• **What you have to do**
Your copy should hold exactly the lines from the one containing "2021 TOYOTA CAMRY XSE" through the last line of the entries, and no pictures.

• **Supplied data**

********************

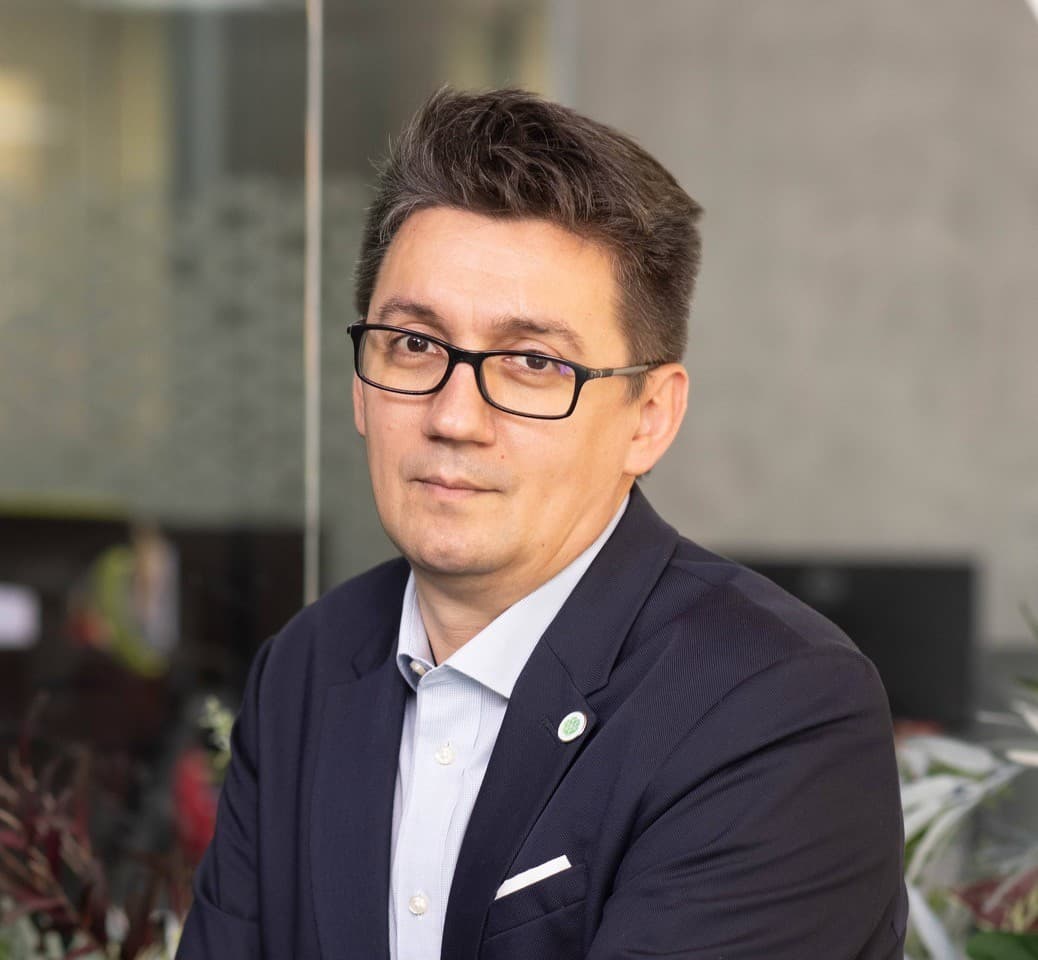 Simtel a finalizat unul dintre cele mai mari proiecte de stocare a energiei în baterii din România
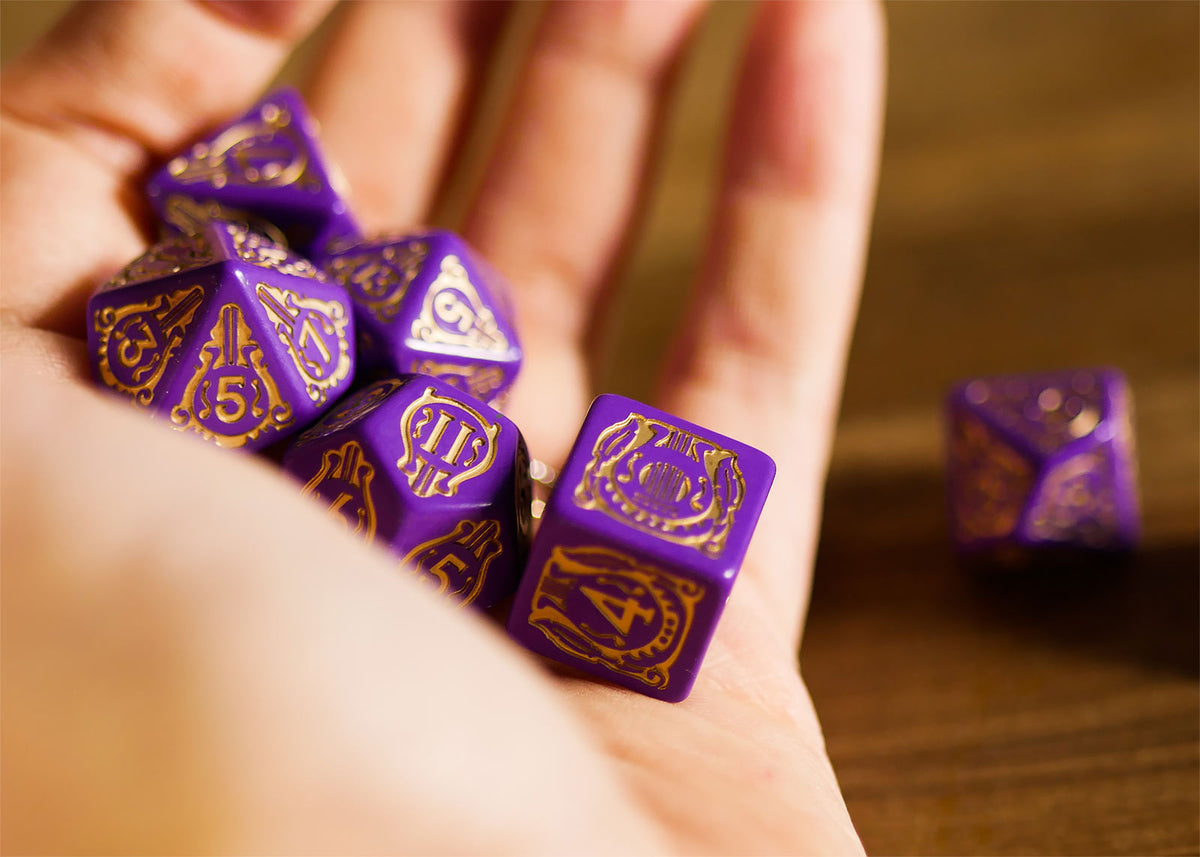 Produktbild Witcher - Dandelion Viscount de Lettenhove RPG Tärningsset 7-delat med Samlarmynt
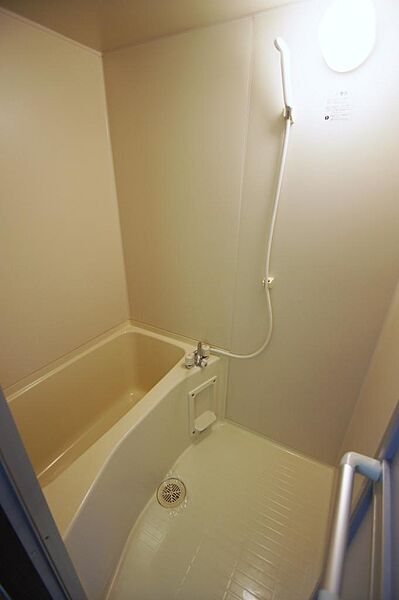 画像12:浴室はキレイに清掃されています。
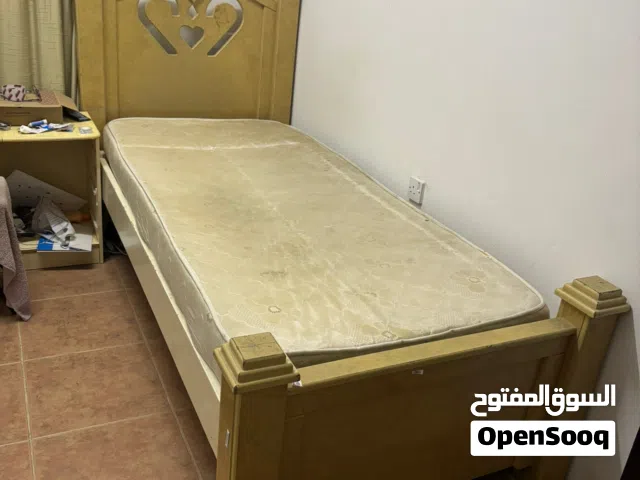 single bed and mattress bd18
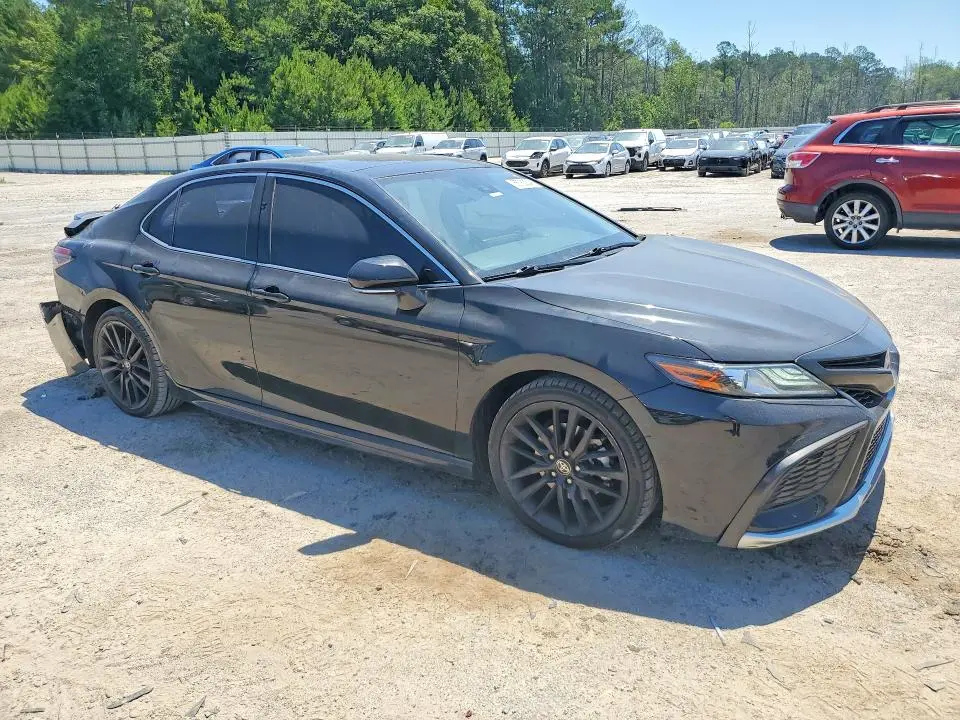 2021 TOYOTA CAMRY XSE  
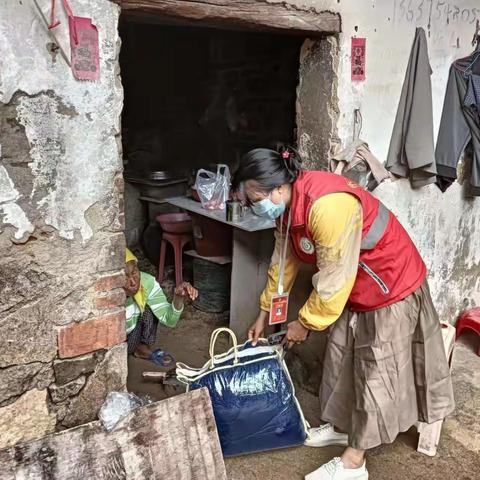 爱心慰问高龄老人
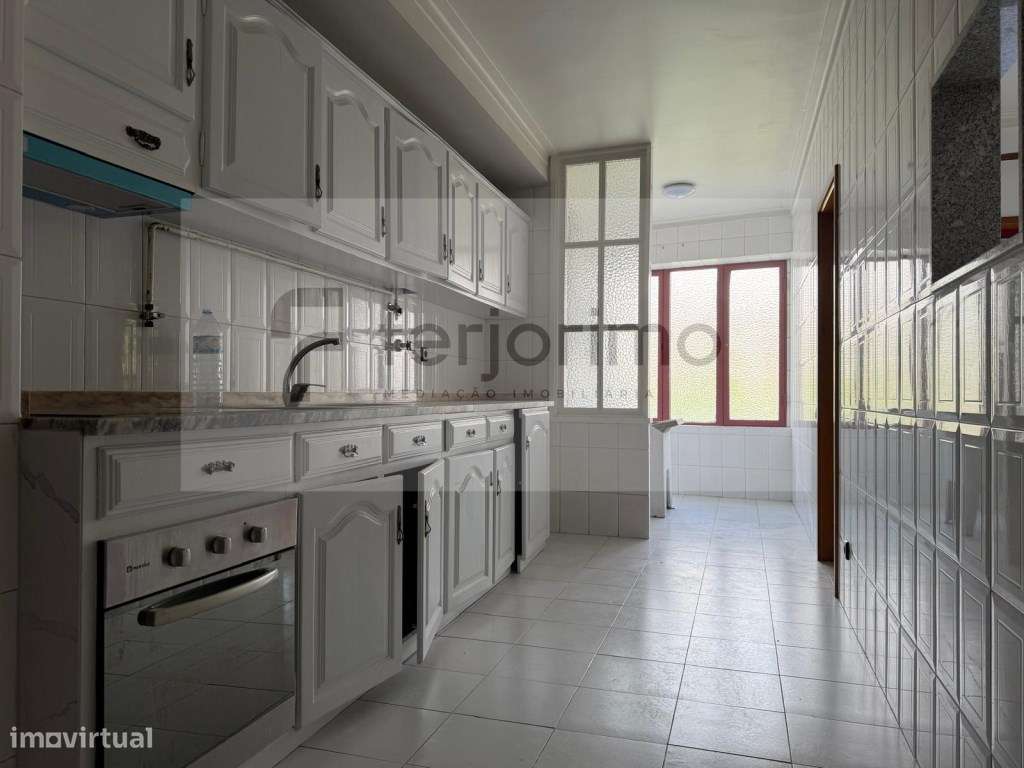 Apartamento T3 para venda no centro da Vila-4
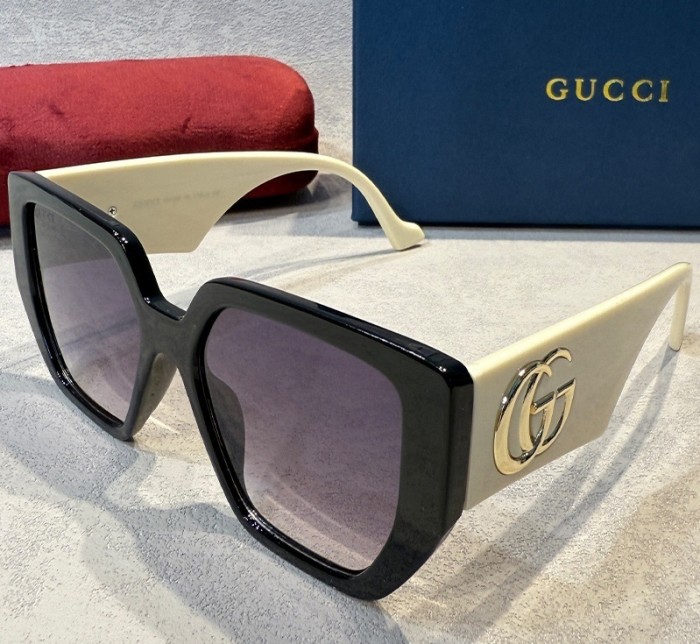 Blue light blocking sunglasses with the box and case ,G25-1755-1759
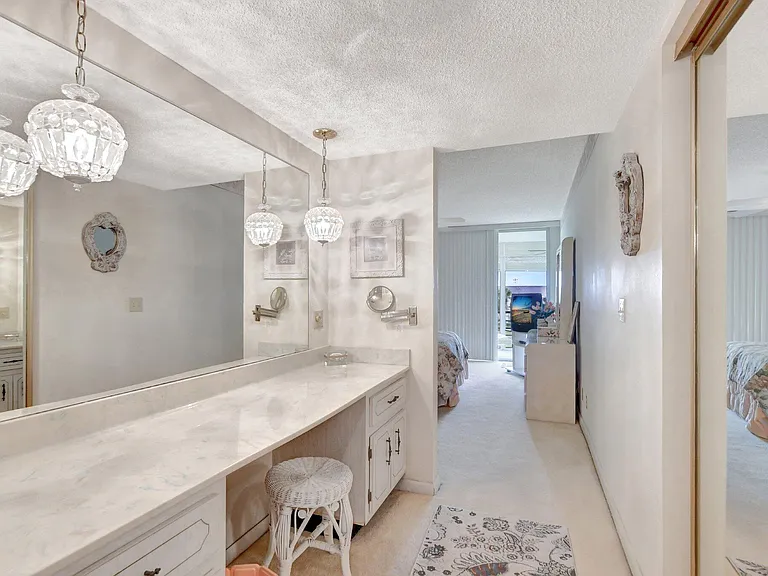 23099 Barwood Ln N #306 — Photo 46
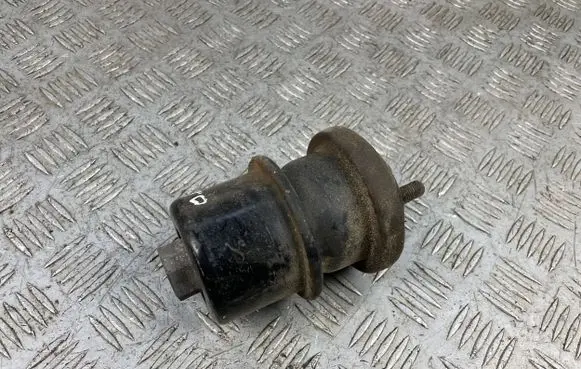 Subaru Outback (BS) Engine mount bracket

********************

• **Result**
 2021 TOYOTA CAMRY XSE  
 爱心慰问高龄老人
 Apartamento T3 para venda no centro da Vila-4
 Blue light blocking sunglasses with the box and case ,G25-1755-1759
 23099 Barwood Ln N #306 — Photo 46
 Subaru Outback (BS) Engine mount bracket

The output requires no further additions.